*Data under study*.
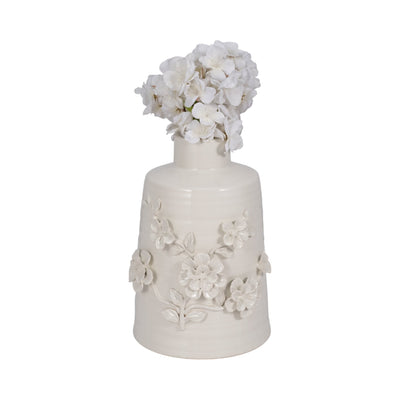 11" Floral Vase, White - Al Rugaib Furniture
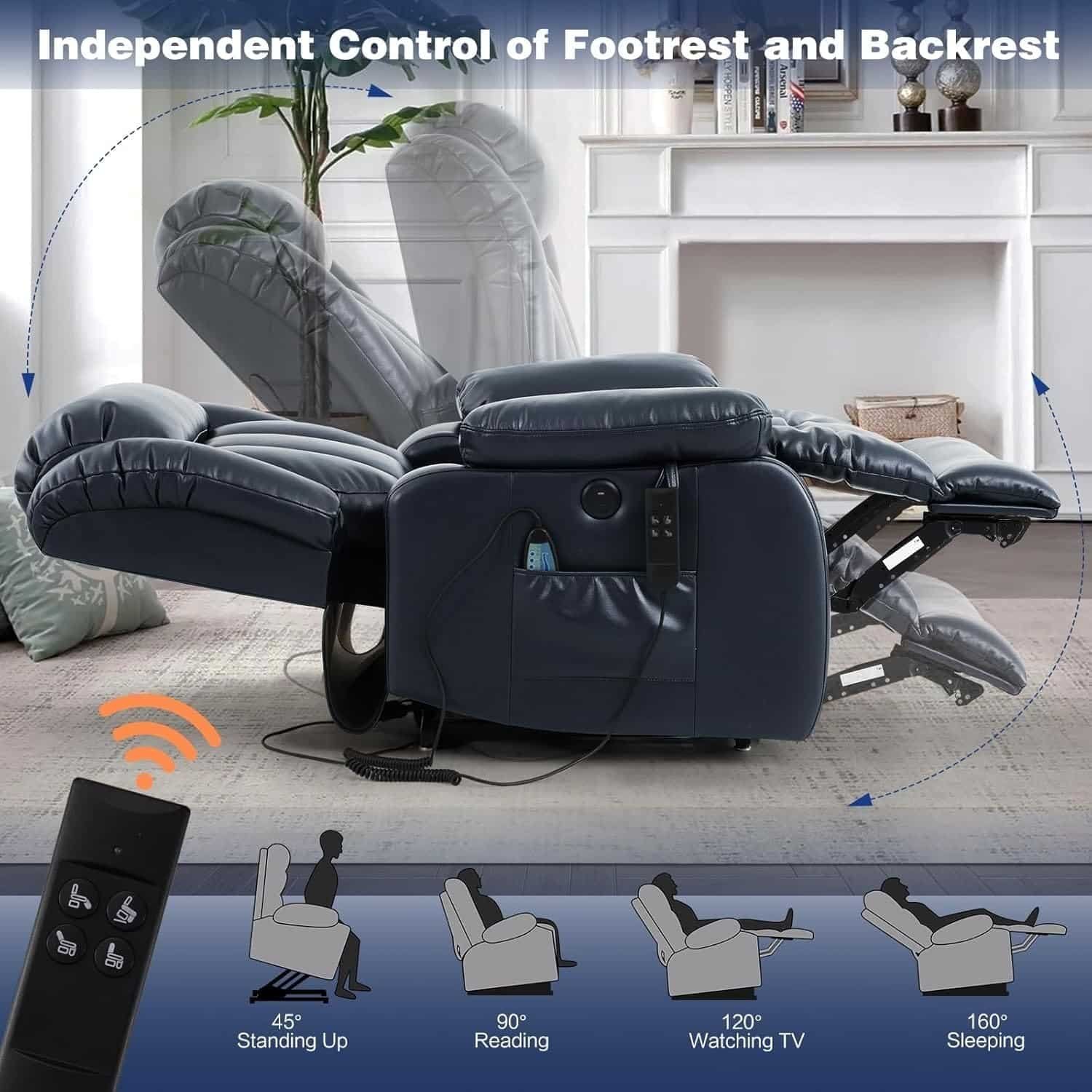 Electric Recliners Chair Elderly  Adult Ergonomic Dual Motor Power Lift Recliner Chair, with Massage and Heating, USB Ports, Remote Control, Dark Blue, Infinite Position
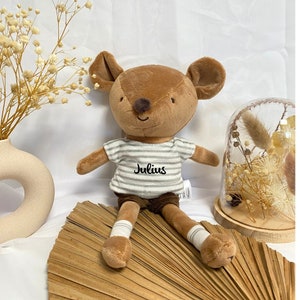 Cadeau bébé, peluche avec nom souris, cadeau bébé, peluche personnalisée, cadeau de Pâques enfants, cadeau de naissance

---

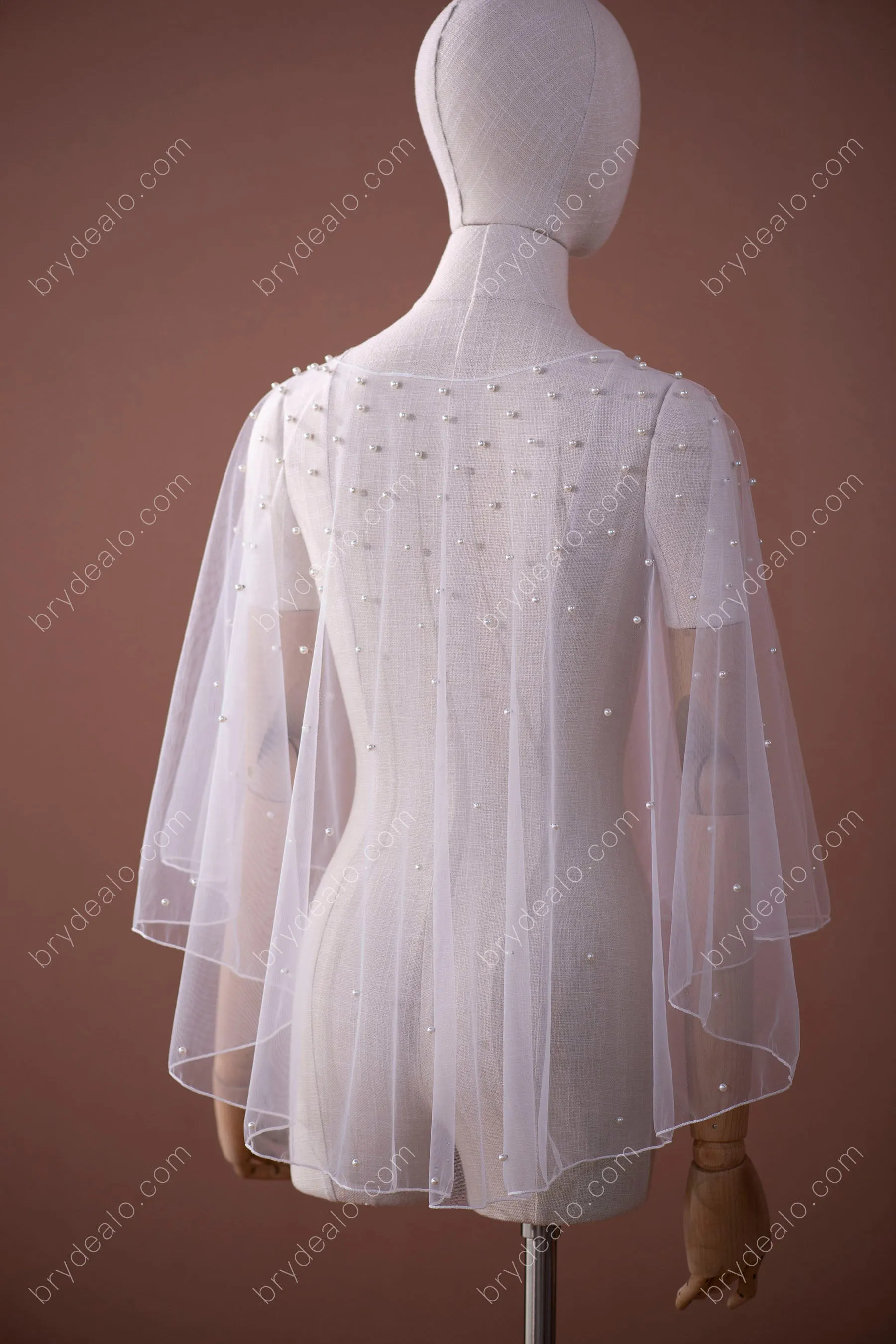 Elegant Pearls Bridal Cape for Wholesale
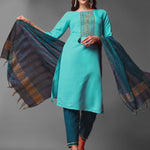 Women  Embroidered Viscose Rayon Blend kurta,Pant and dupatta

* * *

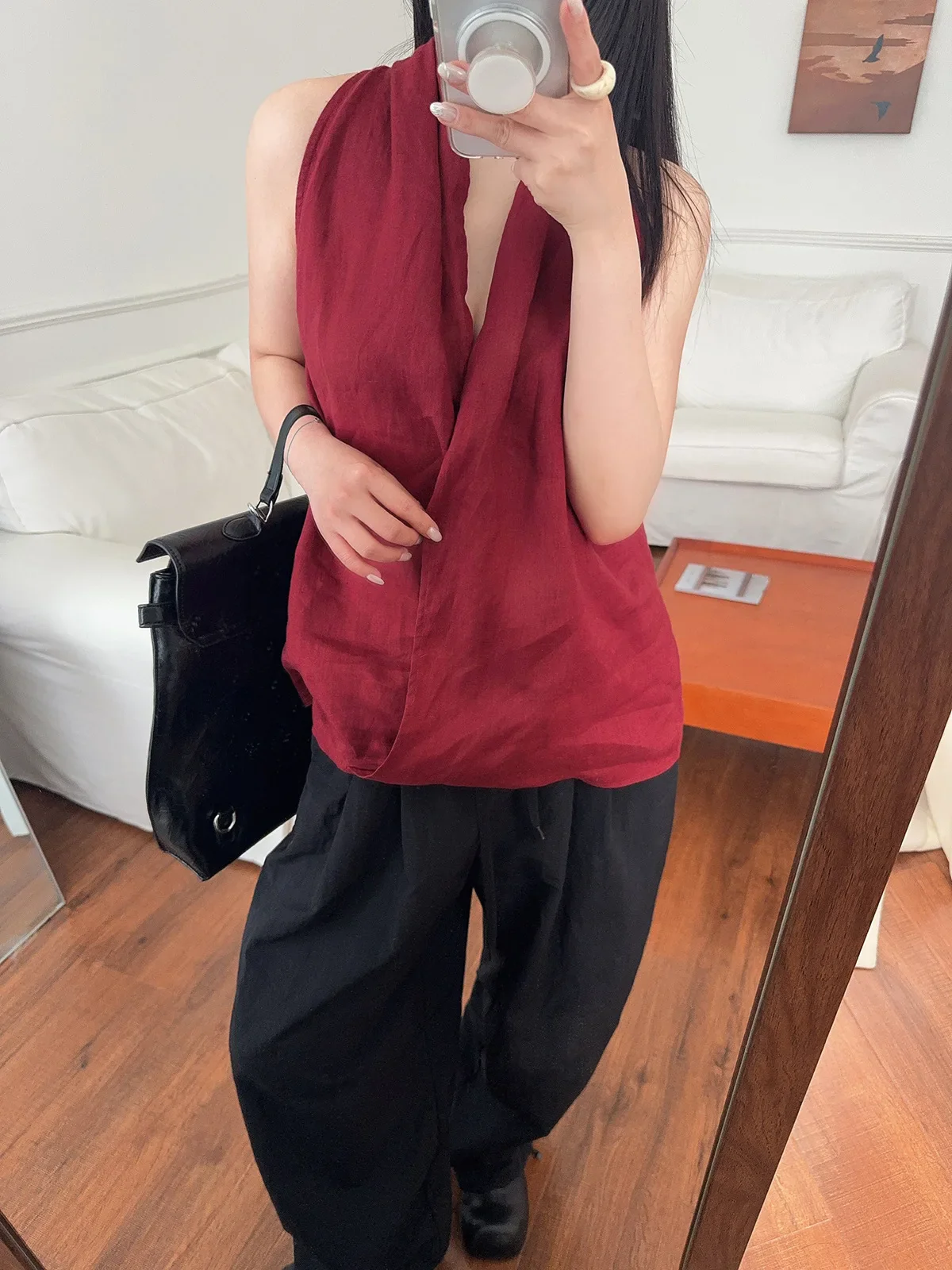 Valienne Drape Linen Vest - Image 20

*Your instructions*.
Write back the stretch of lines above that begins with the line holding "Al Rugaib Furniture" and ends with the line holding "Cadeau bébé, peluche avec", both included, exactly as written. Pictures stay out.

*Solution for this exercise*.
 11" Floral Vase, White - Al Rugaib Furniture
 Electric Recliners Chair Elderly  Adult Ergonomic Dual Motor Power Lift Recliner Chair, with Massage and Heating, USB Ports, Remote Control, Dark Blue, Infinite Position
 Cadeau bébé, peluche avec nom souris, cadeau bébé, peluche personnalisée, cadeau de Pâques enfants, cadeau de naissance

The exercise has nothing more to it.